La préfecture du Var a prononcé ce samedi midi la fermeture temporaire du parc aquatique Waterworld, situé au lac de la Gaudrade à Puget-sur-Argens. Des manquements aux obligations de sécurité ont été relevés, notamment une organisation déficiente de la surveillance de baignade.
Des contrôles inopinés révèlent des failles graves
Les établissements de restauration ne sont pas les seuls à faire l'objet de contrôles inopinés des services de l'État entraînant, parfois, une fermeture temporaire. Ce samedi midi, la préfecture du Var a indiqué avoir ordonné la fermeture temporaire de l'établissement d'activités physiques et sportives « Waterworld » situé au lac de la Gaudrade, à Puget-sur-Argens, pour une durée légale de dix jours, soit jusqu'au mardi 30 juin prochain. L'établissement avait déjà fait l'objet de contrôles par le passé, sans connaître ce désagrément.
Matériel de premier secours incomplet
Cette fois, les agents du service « enquête et contentieux » du départemental à la jeunesse, à l'engagement et aux sports (SDJES), de la direction départementale de la protection des populations (DDPP) et du service départemental d'incendie et de secours (Sdis) ont constaté « de graves manquements aux obligations de sécurité applicables aux établissements d'activités physiques et sportives », indique la préfecture dans un communiqué. Trois points révélant l'existence d'un risque grave et immédiat pour la santé et l'intégrité physique des usagers ont notamment motivé cette décision, non sans conséquence pour l'établissement en ce début de saison.
- Une « organisation déficiente de la surveillance ne permettant pas de garantir une intervention rapide en cas de noyade, de malaise ou d'accident sur une structure ».

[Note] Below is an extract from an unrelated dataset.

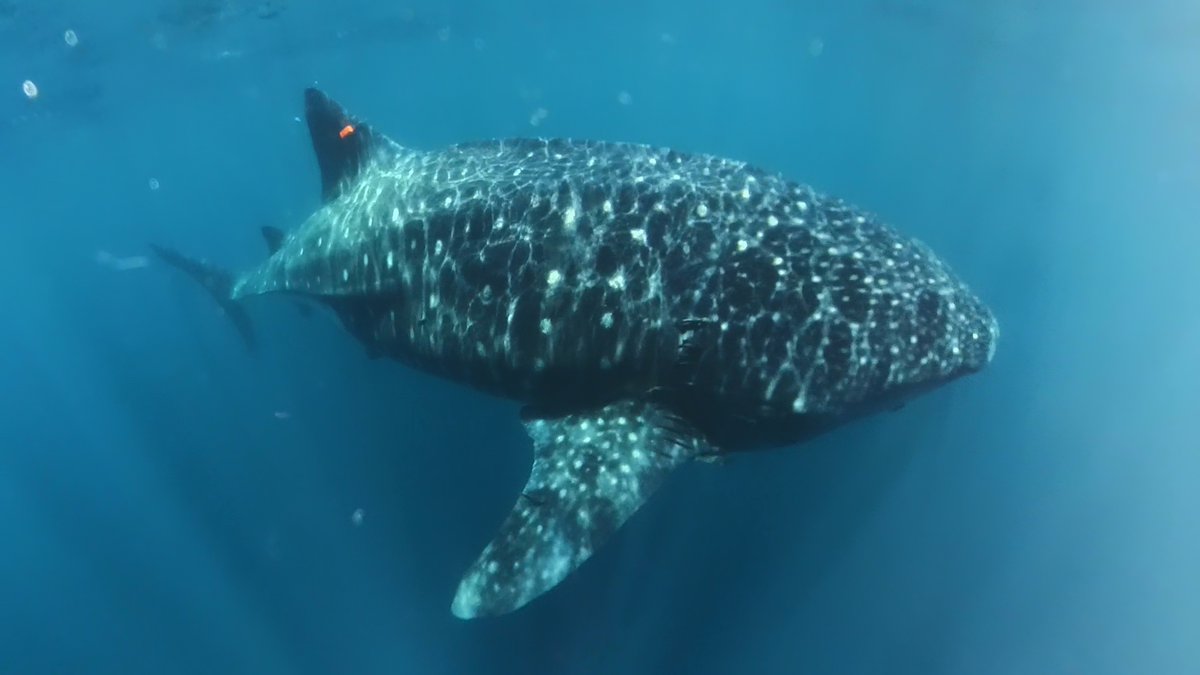 TheSimsLab's tweet image. NEW PAPER: Global tracking #MarineMegafauna shows &lt;8% of areas used overlap w/ existing MPAs, while &gt;75% of important areas overlapped by threats like #fishing #shipping &amp; ocean warming - 30x30 goal insufficient for their conservation @MegaMove_Org science.org/doi/10.1126/sc…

- Un « matériel de premier secours incomplet et ne répondant pas aux exigences réglementaires, compromettant directement la capacité de l'établissement à faire face à une situation d'urgence vitale ».
- Une « non-conformité des structures gonflables » pouvant exposer les usagers à des risques « de chute, de collision, d'écrasement, de coincement ou encore de désolidarisation d'éléments de structure accueillant simultanément plusieurs dizaines de personnes ».
Toutefois, la préfecture indique qu'il pourrait être mis fin à cette mesure avant le 30 juin « si l'exploitant justifie de la mise en conformité complète de l'établissement ».